Les questions se succèdent, cela me semble interminable, même si Gavril n’interroge
pas toutes les filles. Enfin, les caméras s’éteignent. Pour autant, la soirée n’est pas
terminée. Il reste encore le dîner, qui dure d’ordinaire une bonne heure.
— Tout va bien ? me demande Madeline.
— Sûrement un peu de fatigue.
Des éclats de rire attirent notre attention. Le prince discute avec les filles de la
première rangée.
— J’aime bien la façon dont il est coiffé ce soir, fait remarquer Madeline.
C’est alors que Clarkson parcourt du regard les autres rangées, ses yeux se posent
sur moi. Je me mets debout et je le salue d’une petite courbette tandis qu’il approche. Il
pose une main sur mon dos et m’attire vers lui, dissimulant nos visages aux autres.
— Êtes-vous malade ?
— J’ai essayé de le cacher mais j’ai terriblement mal à la tête. Il faut que j’aille
m’étendre.
— Prenez mon bras. Souriez.
J’esquisse un petit sourire. Tout est plus facile quand il est à mes côtés.
— C’est très généreux de votre part de me faire l’honneur de votre présence, dit-il,
assez fort pour que les autres filles l’entendent. J’essaie de me rappeler quelle est votre
pâtisserie préférée.
Je ne lui réponds pas et je plaque un sourire forcé sur mon visage tandis que nous
quittons le studio. Mon sourire s’effrite dès que j’ai franchi le seuil et, au bout du couloir,
Clarkson me prend dans ses bras.
— Allons voir le médecin royal.
Je ferme les yeux. La nausée monte, j’ai des sueurs froides.

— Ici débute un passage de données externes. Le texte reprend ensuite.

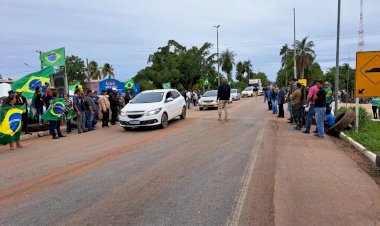 Rodovias federais têm 5 bloqueios e 10 interdições em pelo menos 3 estados nesta terça, diz PRF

Mais je me sens mieux
dans ses bras que sur une chaise, ou couchée. Malgré le tangage, être blottie contre lui,
la tête sur son épaule, c’est un véritable bonheur.
Une autre infirmière est de garde ce soir, tout aussi prévenante que la première. Elle
aide Clarkson à m’étendre sur un lit et glisse un oreiller sous mes pieds.

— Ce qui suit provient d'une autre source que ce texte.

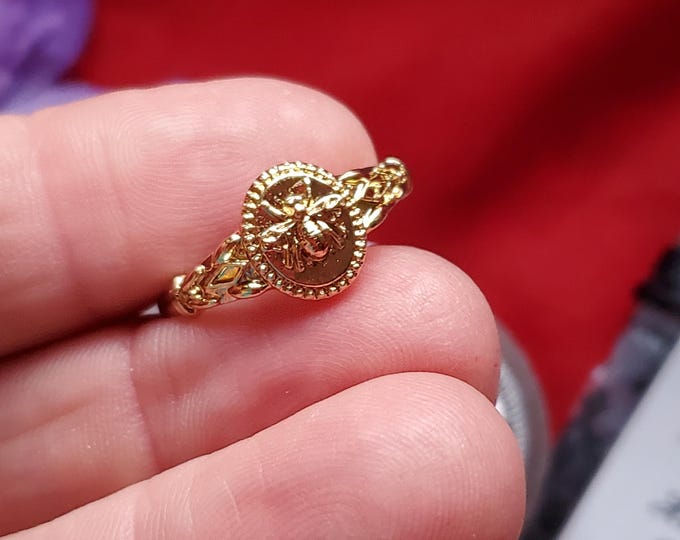 R-0020A - Bee Signet Ring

— Le docteur dort, nous explique-t-elle. Il est resté debout toute la nuit et une grande
partie de la journée pour aider deux femmes de chambre à accoucher. Deux garçons ! À
un quart d’heure d’intervalle !
La bonne nouvelle m’arrache un sourire.
— Inutile de le déranger. Ce n’est qu’un mal de crâne, ça va passer.
— Bêtises, rétorque Clarkson. Envoyez une domestique nous apporter notre dîner.
Nous attendrons.
L’infirmière opine et sort transmettre les ordres du prince. J’en profite pour lui donner
mon avis.
— Vous n’avez pas besoin de faire ça. Ce docteur a passé une nuit mouvementée, et
je vais très bien.
— Ce serait irresponsable de ma part de ne pas m’assurer qu’on vous apporte tous
les soins nécessaires.
J’essaie de trouver dans ces mots une tonalité romantique, mais ils sonnent plus
comme une obligation morale. Et pourtant, s’il n’avait pas voulu passer sa soirée à mes
côtés, il aurait pu repartir dîner avec les autres. Il reste en ma compagnie, c’est son
choix.
Je mange du bout des dents, pour ne pas paraître malpolie, car la nausée me coupe
toujours l’appétit. L’infirmière m’apporte un médicament et lorsque le Dr Mission nous
rejoint, les cheveux mouillés (il vient de sortir de la douche, j’imagine), je me sens beaucoup
mieux.
Le médecin s’incline devant nous.
— Veuillez me pardonner mon retard, Votre Altesse.
— Vous êtes tout pardonné, répond Clarkson. En votre absence nous avons savouré
un délicieux repas.
— Comment va votre tête, mademoiselle ? demande le médecin en prenant mon pouls.
— Beaucoup mieux. L’infirmière m’a donné un cachet, ça m’a fait du bien.
Il sort une petite lampe de poche et braque le faisceau lumineux dans mes yeux.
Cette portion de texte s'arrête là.